Whilst looking for a suitable jack I came across the *Exhaust Jack*, basically its a air bag filled from exhaust gases.

Does anybody have one of these or experience of them, are they any good?

I would appreciate your views,

Terry


----------



## Spooky_b329

I've never used one but I did hear that they caused lots of problems due to poor positioning. It is easy to damage items under the vehicle such as the exhaust, fuel tanks etc as they are not designed to take the weight of the vehicle. With a motorhome you have additional items such as the water tanks that you wouldn't want to damage.

If your van has a proper chassis I'd go for a bottle jack, otherwise try and find the manufacturers jack either via dealer or ebay.


----------



## wobby

If there's a fireman/woman on here they would know all about them as I think the brigade have them.

Wobby


----------



## JockandRita

Terryg said:


> Hi all,
> 
> Hope this is the correct area to post this.
> 
> I am not happy about using the Fix&Go solution provided by Fiat for puncture repair. I intend to purchase a spare wheel and jack because Fix&Go may not always be the answer to puncture repair, particularly if the side wall is damaged.
> 
> Whilst looking for a suitable jack I came across the *Exhaust Jack*, basically its a air bag filled from exhaust gases.
> 
> Does anybody have one of these or experience of them, are they any good?
> 
> I would appreciate your views,
> 
> Terry


Hi Terry,

We haven't got one, but have considered one, and if we had one, we'd jack up the axle rather than the body. It's much easier if only changing the wheel, (pending the depth of the wheel arch).
I'd never trust one if working under the vehicle though, without axle stands in place.

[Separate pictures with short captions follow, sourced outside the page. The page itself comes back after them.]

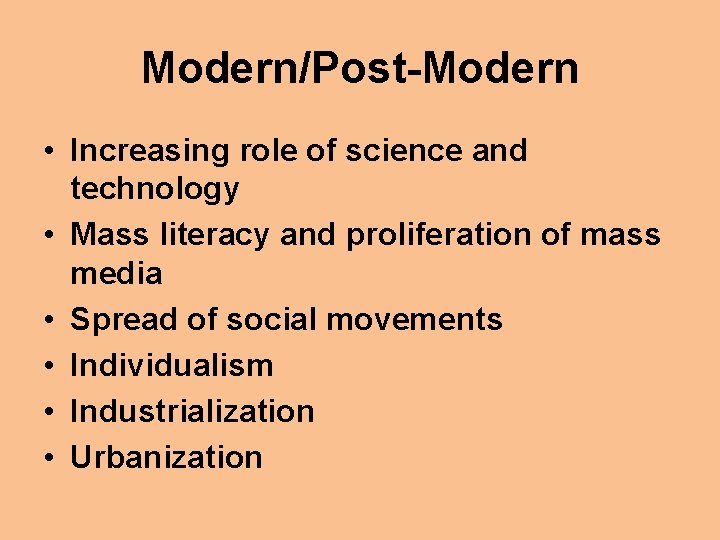 Modern/Post-Modern • Increasing role of science and technology • Mass literacy and proliferation of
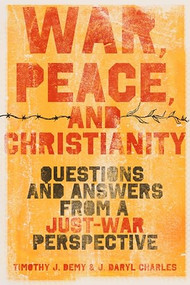 War, Peace, and Christianity (Questions and Answers from a Just-War Perspective) by J. Daryl Charles, Timothy J. Demy, 9781433513831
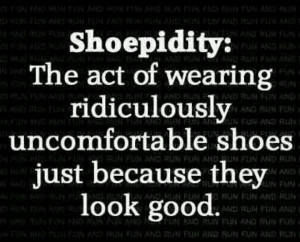 SHOE QUOTES - remember this:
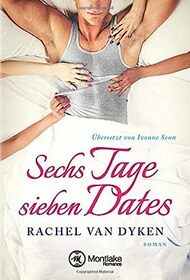 Sechs Tage ? sieben Dates (Curious Liaisons) (German Edition)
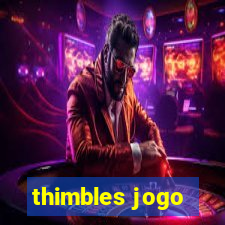 thimbles jogo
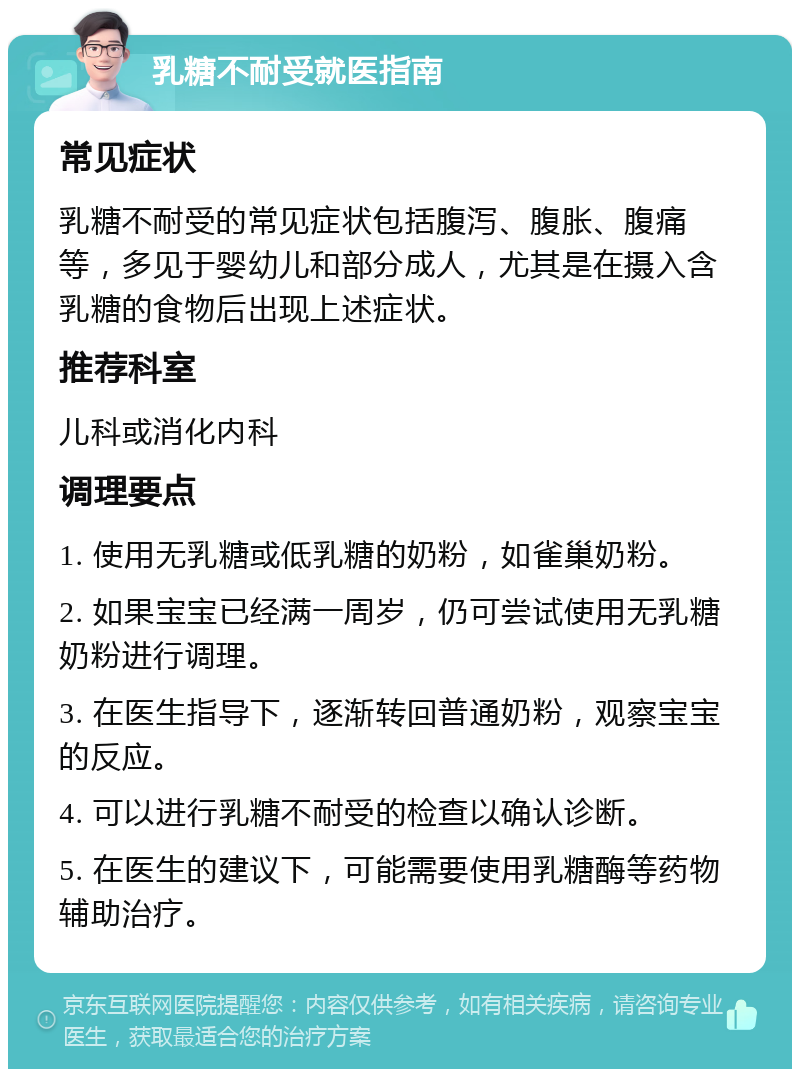 乳糖不耐受就医指南 常见症状 乳糖不耐受的常见症状包括腹泻、腹胀、腹痛等，多见于婴幼儿和部分成人，尤其是在摄入含乳糖的食物后出现上述症状。 推荐科室 儿科或消化内科 调理要点 1. 使用无乳糖或低乳糖的奶粉，如雀巢奶粉。 2. 如果宝宝已经满一周岁，仍可尝试使用无乳糖奶粉进行调理。 3. 在医生指导下，逐渐转回普通奶粉，观察宝宝的反应。 4. 可以进行乳糖不耐受的检查以确认诊断。 5. 在医生的建议下，可能需要使用乳糖酶等药物辅助治疗。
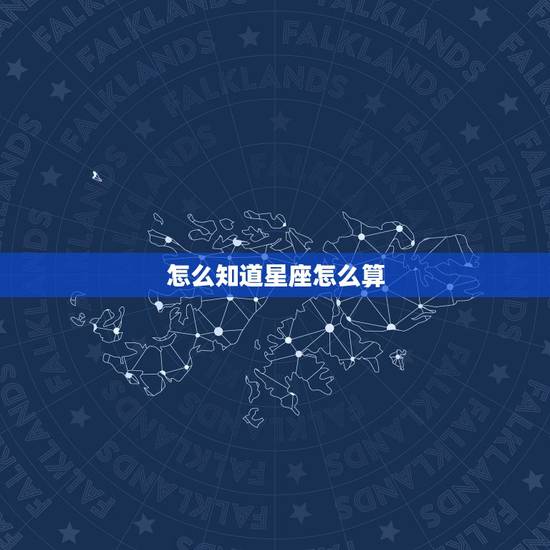 怎么知道星座怎么算,星座是怎么算的,怎样才能知道自己是什么星座 怎么知道星座怎么算,星座是怎么算的,怎样才能知道自己是什么星座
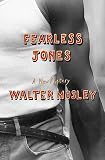 Mosley, Walter: Fearless Jones Mosley, Walter: Fearless Jones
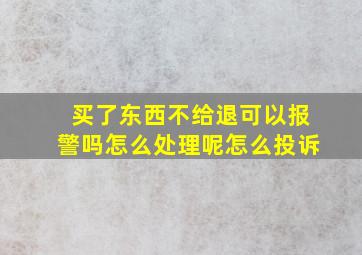 买了东西不给退可以报警吗怎么处理呢怎么投诉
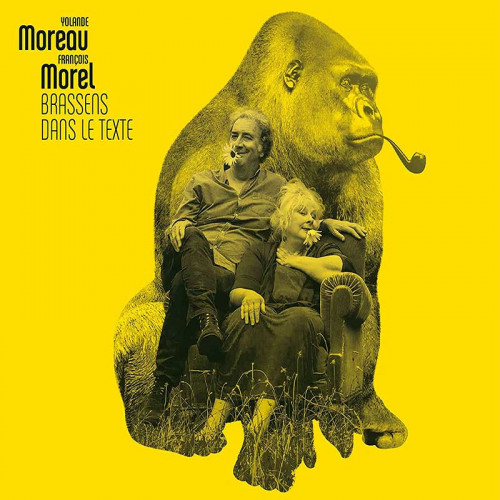 FRANÇOIS MOREL & YOLANDE MOREAU "BRASSENS DANS LE TEXTE" EDITION LIMITÉE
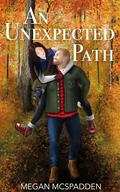 An Unexpected Path (Right Place, Right Time #1) by Megan McSpadden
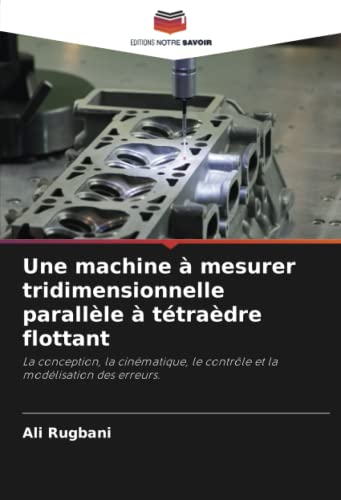 Une machine à mesurer tridimensionnelle parallèle à tétraèdre flottant: La conception, la cinématique, le contrôle et la modélisation des erreurs.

I have used industrial air jacks, in road traffic crash situations (RTCs), and they are the business, but can be unstable if not positioned correctly. They can also be easily damaged if not protected from sharp edges/corners

HTH,

Jock.


----------



## davesport

Using one of these bags for moving a vehicle in an emergency is one thing. Using it to change a roadwheel is IMO a strict no-no. 

There are a number of good reasons for this. The first is safety. The second is the potential damage to the underside of the vehicle. 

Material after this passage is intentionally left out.